Ainsi le ministère des apôtres s'est un peu élargi : pour être investi du ministère d’apôtre, il fallait produire des signes des prodiges ou des miracles et :
- avoir vu Jésus et avoir été converti par lui directement et avoir vécu avec lui (Actes 1,21-22)
- ou être envoyé par Jésus (Matthieu 28,18-20 / Actes 26,17)

Selon ces critères, Paul est un apôtre, et il semble que Barnabas et Jacques de Jérusalem (qui a eu une apparition de Jésus ressuscité selon 1Corinthiens 15,7) aussi2.


Notes

(1) En 1Corinthiens 15,8 le mot grec souvent rendu par « avorton » dans les traductions françaises veut littéralement dire « enfant né viable d'une mère morte en couches ». Longtemps après les autres Jésus s'est montré à lui. Il est donc bibliquement le dernier bénéficiaire des apparitions du ressuscité car après lui il n'y en aura plus. (Voir Michel Quesnel, « Paul et Jésus, une même religion ? » dans Aux origines du Christianisme, Gallimard, Paris, 2000). Ainsi si vos rencontrez quelqu'un qui vous dit avoir vu Jésus, ne le croyez pas !

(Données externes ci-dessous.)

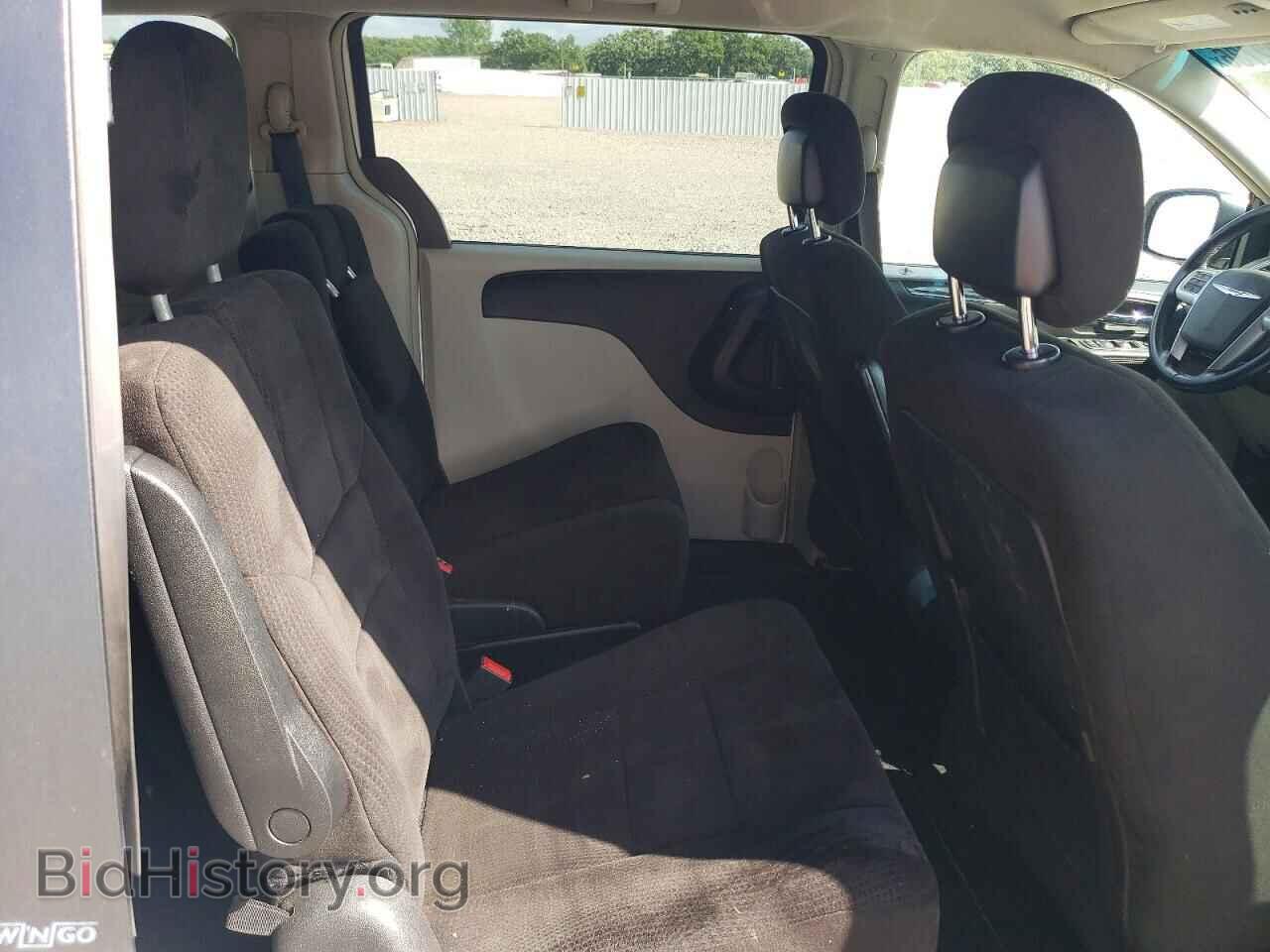 2012 CHRYSLER MINIVAN - VIN: 2C4RC1BG1CR169873 - Photo 11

(2) Et peut-être même Andronicus et Junias (Romains 16,7 - et Junias est... une femme !), Silas et Timothée (1Thessaloniciens 2,6), Epaphrodite (Philippiens 2,25). Par contre on ne peut pas dire d'Etienne qu'il était un apôtre, même s'il produisait des signes, car il n'a pas était converti par Jésus ou l'Esprit, et il n'a pas été envoyé, il est resté à Jérusalem.